Should some clinical services be considered a public good?

We caught up recently with a healthcare leader who had spent time in Atlanta in a previous role, and the conversation turned to last year’s closure of Atlanta Medical Center.

One major impact: the closure immediately left the Atlanta metro region, home to over 6M people, with only one Level 1 trauma center (a second Level 1 center opened an hour north of the city in February). “It’s devastating for the community to lose those services,” he shared, “but I also get why the health system made that choice, given how hard the economy has hit hospitals.” When all health systems are feeling the worst margin pressures in more than a decade, most would be reticent to step in and launch a new trauma program, which despite bringing prestige, is often a money-loser. 

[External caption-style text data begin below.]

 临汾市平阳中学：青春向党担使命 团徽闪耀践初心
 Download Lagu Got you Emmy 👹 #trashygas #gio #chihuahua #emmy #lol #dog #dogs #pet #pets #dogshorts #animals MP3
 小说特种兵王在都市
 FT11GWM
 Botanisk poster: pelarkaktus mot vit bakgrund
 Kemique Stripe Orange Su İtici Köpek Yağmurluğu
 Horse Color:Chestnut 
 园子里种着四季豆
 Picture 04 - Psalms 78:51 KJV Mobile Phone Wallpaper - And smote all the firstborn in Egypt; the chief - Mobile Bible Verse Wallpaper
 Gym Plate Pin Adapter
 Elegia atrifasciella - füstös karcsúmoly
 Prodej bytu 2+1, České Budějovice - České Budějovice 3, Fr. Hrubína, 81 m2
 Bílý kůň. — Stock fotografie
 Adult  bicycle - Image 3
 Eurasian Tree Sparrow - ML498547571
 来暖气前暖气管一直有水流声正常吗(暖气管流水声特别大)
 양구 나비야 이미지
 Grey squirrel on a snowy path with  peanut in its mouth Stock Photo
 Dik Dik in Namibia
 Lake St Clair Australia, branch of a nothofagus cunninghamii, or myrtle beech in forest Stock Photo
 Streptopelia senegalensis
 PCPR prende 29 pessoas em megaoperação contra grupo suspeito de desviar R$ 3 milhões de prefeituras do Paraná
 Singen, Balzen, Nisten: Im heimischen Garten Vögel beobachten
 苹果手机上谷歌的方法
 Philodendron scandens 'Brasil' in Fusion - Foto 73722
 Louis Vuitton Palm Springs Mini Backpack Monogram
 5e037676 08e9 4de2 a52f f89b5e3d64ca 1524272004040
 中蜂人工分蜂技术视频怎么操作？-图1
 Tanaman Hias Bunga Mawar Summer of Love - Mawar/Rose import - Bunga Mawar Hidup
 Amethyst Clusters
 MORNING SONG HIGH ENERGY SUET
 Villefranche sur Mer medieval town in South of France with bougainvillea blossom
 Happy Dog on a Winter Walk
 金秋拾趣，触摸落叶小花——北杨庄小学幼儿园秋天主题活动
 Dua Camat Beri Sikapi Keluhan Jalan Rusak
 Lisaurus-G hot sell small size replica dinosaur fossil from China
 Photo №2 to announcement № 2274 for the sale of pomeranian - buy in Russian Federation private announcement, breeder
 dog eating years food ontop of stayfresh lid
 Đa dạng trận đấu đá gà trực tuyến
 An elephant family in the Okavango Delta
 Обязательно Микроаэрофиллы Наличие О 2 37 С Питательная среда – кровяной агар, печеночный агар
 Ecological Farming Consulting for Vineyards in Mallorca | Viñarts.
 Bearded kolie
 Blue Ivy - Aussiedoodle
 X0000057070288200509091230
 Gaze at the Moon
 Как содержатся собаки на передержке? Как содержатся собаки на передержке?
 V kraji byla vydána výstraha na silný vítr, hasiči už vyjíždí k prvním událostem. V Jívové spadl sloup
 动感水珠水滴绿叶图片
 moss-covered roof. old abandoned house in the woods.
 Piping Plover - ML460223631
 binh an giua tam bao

The conversation got us thinking about whether healthcare needs a new approach to securing essential services needed by the community which aren’t well supported by the payment system. 

Our current model largely relies on nonprofit systems to meet the community need as a tenet of that status. But as one CMO shared, “If there’s more than one system in the market, we toss the responsibility back and forth like a hot potato.”

His solution: there needs to be top-down redesign of urgently needed critical services like trauma and behavioral health, as well as highly specialized services like transplant and pediatric subspecialty care, which he considered oversupplied in his market, with multiple subscale programs.

His hope was that health systems could cross competitive lines and collaborate to think about a rational approach to “regional healthcare master planning”, along with a new funding model.

It’s a tall order, he continued, but if health systems can’t find a solution on their own, they leave themselves open to government intervention that might mandate a solution—or further questions of the value communities are receiving from supporting nonprofit status.